Richard não inventou o rock"n"roll (Chuck Berry e Fats Domino chegaram primeiro), mas criou-lhe uma nova e interessante possibilidade: mais selvagem, menos apropriada e tão exuberante quanto a voz que se elevava bem acima do piano onde martelava furiosamente as notas que o imortalizaram. Não concordaremos nunca sobre como se escreve ou o que significa "a wop bob alu bob,a wop bam boom", mas a frase de "Tutti Frutti", inventada enquanto lavava pratos num restaurante, ganhou com mérito lugar na grande coleção da música popular.
https://www.youtube.com/watch?v=F13JNjpNW6c
Nascido nas favelas de Macon, Georgia, nos EUA, a 5 de dezembro de 1932, Richard Wayne Penniman era um dos 12 filhos de um contrabandista.
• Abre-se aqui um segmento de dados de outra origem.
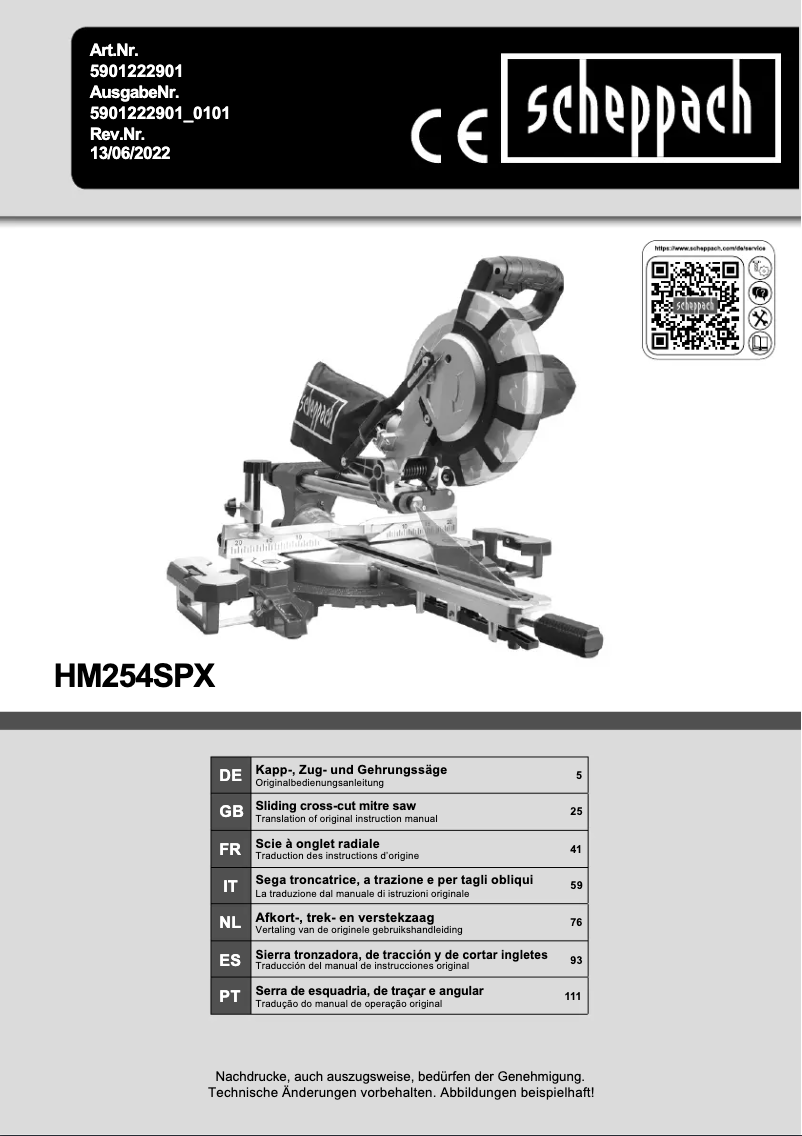 Page 1 of the manual User Manual Scheppach HM254SPX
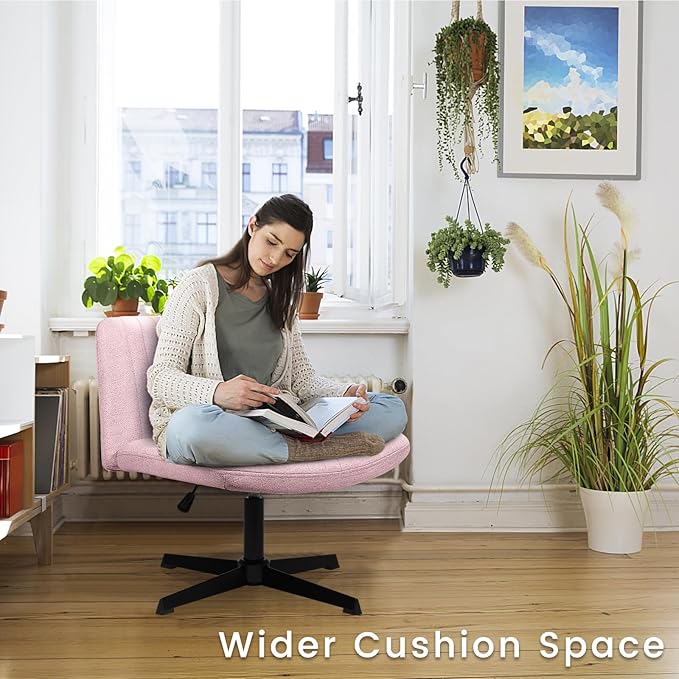 PUKAMI Criss Cross Chair,Comfy Cross Legged Office Desk Chair No Wheels,Modern Fabric Swivel Adjustable Height Mid Back Wide Seat for Home Office Computer (Pink)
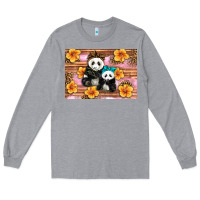 Heather Grey Mama Panda And Baby Panda Long Sleeve Tee - Artiststas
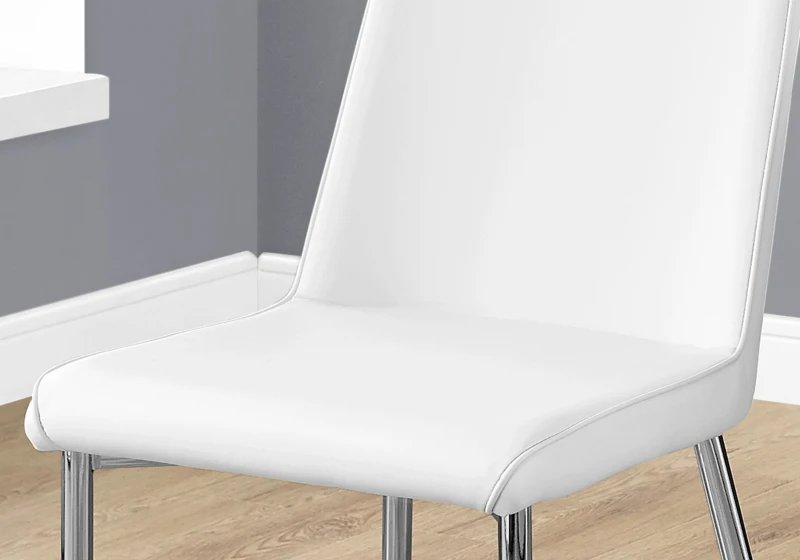 Monarch 2 Piece PU Leather Chrome Legged Modern Dining Chair Set - White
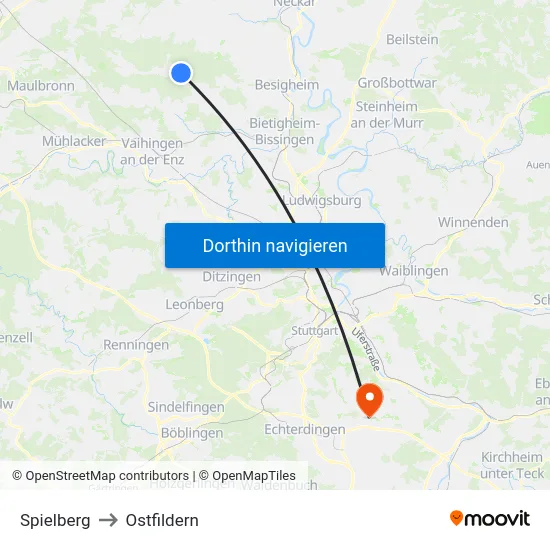 Spielberg to Ostfildern map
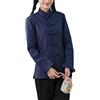 Lazutom Camicia da donna in lino a maniche lunghe per arti marziali cinesi, Kung Fu Tai Chi Tang, Blu, L
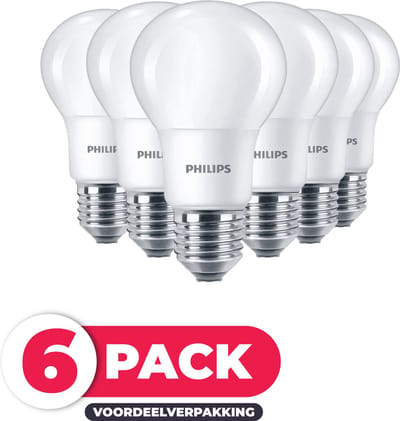 Philips LED E27 - 13W (100W) - Warm Wit Licht - Niet Dimbaar - 6 stuks
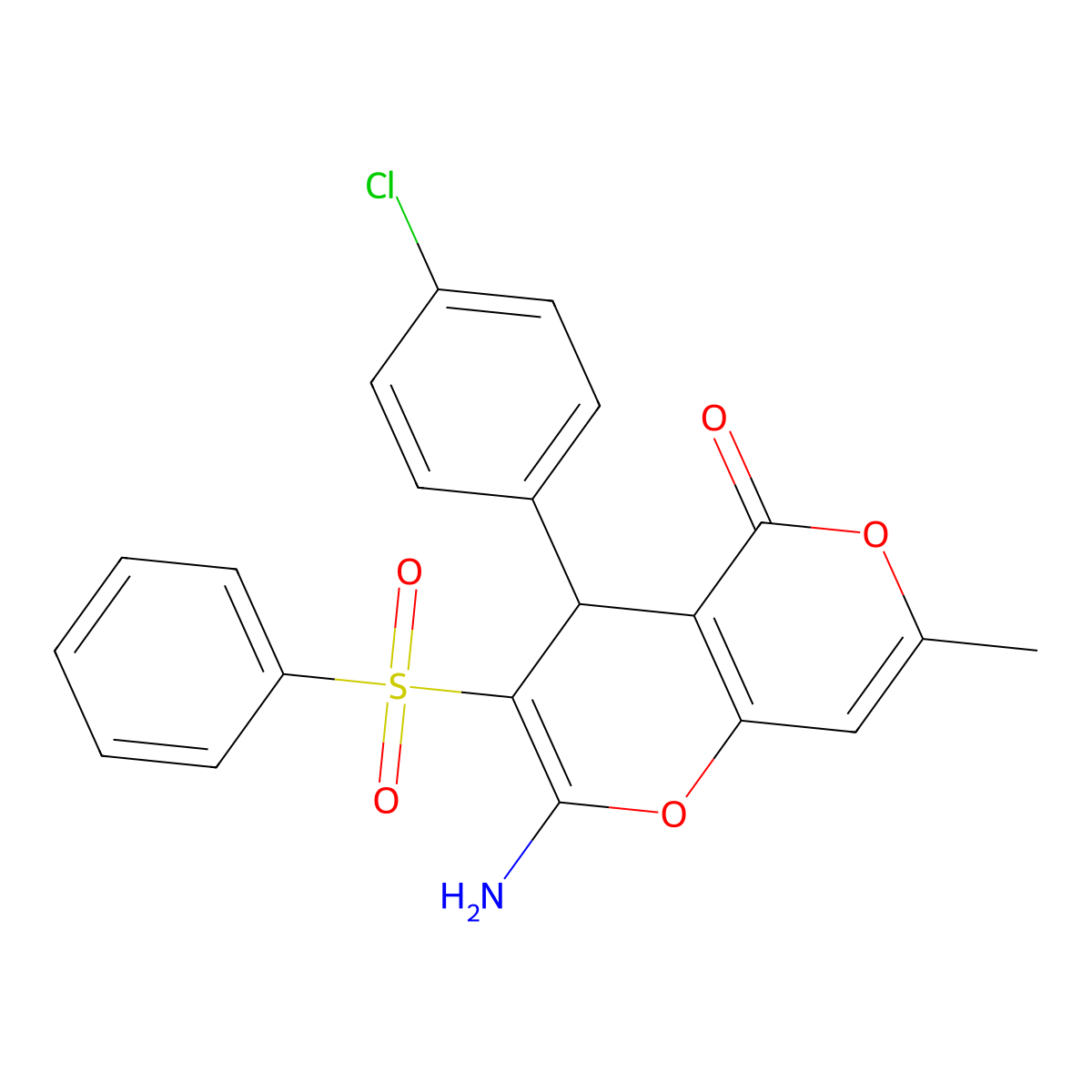 2-amino-4-(4-chlorophenyl)-7-methyl-3-(phenylsulfonyl)-4H,5H-pyrano[4,3-b]pyran-5-one molecular structure, CAS 860611-38-7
Saiu de casa aos 13 anos, acusado pelo pai de ser homossexual (em público, nunca esclareceu totalmente a ambiguidade que foi alimentando sobre as suas preferências sexuais) e começou uma carreira modesta, que certamente se perderia no tempo, não fosse o destino dar-lhe uma oportunidade: em 1955, o dono de uma editora e produtor Art Rupe procurava um cantor e, quando ouviu uma versão de "Tutti Frutti" que Richard lhe tinha por coincidência enviado, decidiu que o músico era o homem certo.
Desfazer estereótipos
Foi esse o momento inicial de um renascimento do rock, que Little Richard logrou sozinho. Debaixo de uma poupa exuberante, soltando os seus característicos chiliques em palco e fazendo uso de ritmos que davam corpo a atuações frenéticas (não esquecer a maquilhagem nos olhos e o finíssimo bigode), o pianista construiu uma personagem única, que desfez a conceção sóbria e masculina do "frontman". Sem Richard, não haveria James Brown, Jimmy Hendrix, Elton John ou Prince.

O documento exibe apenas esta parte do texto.